ORANGE COUNTY, Fla. — There are some residents who live off Lake Underhill Road in East Orange County that are extremely upset with the current traffic conditions.

  • Residents off Lake Underhill upset over potential development 
  • They say it will make traffic conditions in area even worse
  • Orange Co. officials say they have plans to widen roadway
  • RELATED: More Central Florida traffic coverage

People have come together, speaking out against a proposed amendment for future land use.  It would essentially pave the way for a large apartment complex to go up in place of single-family homes along Lake Underhill Road.

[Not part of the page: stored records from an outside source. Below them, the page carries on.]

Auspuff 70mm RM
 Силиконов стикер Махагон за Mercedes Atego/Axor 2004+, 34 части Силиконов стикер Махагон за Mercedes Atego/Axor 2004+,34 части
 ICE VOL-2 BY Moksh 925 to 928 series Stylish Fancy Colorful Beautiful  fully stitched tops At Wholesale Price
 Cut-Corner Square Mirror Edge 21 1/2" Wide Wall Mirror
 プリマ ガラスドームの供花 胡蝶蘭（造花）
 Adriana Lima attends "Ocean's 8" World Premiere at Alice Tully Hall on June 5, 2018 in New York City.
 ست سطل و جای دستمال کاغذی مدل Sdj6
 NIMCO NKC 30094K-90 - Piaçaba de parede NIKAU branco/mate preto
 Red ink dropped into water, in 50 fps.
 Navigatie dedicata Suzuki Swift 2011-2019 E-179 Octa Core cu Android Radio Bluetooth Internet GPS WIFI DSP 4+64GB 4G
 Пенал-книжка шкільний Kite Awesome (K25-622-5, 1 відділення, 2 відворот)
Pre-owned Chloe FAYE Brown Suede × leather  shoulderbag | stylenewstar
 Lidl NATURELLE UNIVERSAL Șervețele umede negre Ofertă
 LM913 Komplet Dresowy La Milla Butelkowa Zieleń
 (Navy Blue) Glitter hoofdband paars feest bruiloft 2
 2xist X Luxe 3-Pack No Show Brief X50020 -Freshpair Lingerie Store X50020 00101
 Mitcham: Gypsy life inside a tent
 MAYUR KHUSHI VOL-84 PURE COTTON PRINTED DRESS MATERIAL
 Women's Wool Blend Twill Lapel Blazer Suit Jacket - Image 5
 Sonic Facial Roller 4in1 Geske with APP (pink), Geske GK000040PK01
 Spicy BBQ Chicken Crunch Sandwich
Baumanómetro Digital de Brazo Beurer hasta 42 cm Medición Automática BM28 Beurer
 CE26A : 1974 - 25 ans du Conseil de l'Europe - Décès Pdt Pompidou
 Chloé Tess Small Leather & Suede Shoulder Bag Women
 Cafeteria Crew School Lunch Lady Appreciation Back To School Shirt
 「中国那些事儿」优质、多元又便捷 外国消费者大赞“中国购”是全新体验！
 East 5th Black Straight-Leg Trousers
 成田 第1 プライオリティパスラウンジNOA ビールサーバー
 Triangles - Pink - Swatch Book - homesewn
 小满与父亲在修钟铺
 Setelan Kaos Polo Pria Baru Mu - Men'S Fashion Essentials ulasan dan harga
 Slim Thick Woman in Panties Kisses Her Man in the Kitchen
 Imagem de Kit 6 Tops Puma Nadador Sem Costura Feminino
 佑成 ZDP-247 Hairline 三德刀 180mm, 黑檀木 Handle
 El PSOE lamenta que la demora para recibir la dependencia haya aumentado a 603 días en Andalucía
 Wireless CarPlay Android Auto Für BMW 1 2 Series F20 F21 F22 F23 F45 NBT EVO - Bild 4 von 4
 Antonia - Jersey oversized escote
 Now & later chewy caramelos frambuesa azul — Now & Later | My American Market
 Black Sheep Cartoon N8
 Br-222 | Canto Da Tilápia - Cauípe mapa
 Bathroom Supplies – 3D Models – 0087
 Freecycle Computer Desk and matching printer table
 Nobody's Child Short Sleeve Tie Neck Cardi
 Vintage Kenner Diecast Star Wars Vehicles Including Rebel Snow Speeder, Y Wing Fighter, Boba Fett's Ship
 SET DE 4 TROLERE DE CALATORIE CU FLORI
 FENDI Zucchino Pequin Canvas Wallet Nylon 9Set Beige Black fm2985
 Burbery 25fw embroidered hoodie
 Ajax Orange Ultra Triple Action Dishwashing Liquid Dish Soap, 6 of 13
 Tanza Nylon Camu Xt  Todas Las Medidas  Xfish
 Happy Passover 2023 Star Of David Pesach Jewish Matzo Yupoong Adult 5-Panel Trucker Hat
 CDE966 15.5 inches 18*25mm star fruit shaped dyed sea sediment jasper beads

The project, named “Alta Underhill” would allow for the development of 338 multi-family dwelling units.  But residents say the area is already too busy.

"If you come out here at 6 o'clock in the evening, it's all stop and go," explained Bill Krause.

Part of the concern is Lake Underhill's classification as an “Alternative Mobility Area.”

Krause, among others, worries that means Orange County expects them to find other ways to get around besides cars, and that officials favor the developer.

"That enables the developer to basically ask for anything they want with virtually no regard to traffic impact," said David Dickinson, another nearby resident.

Orange County says that's not the case. In fact, they say that AMA has nothing to do with alternative means of transportation. The county says that this only refers to the agreement they have with the developer regarding whether or not to lessen transportation impacts.

So, the biggest question residents have: Will Lake Underhill Road be widened to keep up with area growth?

Officials have plans to widen the roadway, which has already begun. Orange County broke up the project into three sections as part of their “2030 Long Range Transportation program.”

Back in November of 2013, the road was widened between Chickasaw Trail and Goldenrod Road.  Segment 2 is currently under design between Econlockhatchee Trail to Rouse Road and has already been funded through Orange County's INVEST program.

Segment 3, however, which spans between Chickasaw Trail to the Econ Trail, will only move forward once funding becomes available. Residents remain skeptical if it ever will.

"What they're basically trying to pull on us, is that they're saying, 'Oh, you can leave your car at home and take the bus or use a bicycle,” said resident Linda Burns. “Well, would they do that? I don’t think so!"

An Orange County spokesperson said, "The proposed development is still in the application process and may still be obligated to mitigate transportation costs, given their zoning status."

As for the residents, they have their own plans to conduct their own forum on January 1 at Eastland Baptist Church from 7 p.m. to 9:30 p.m.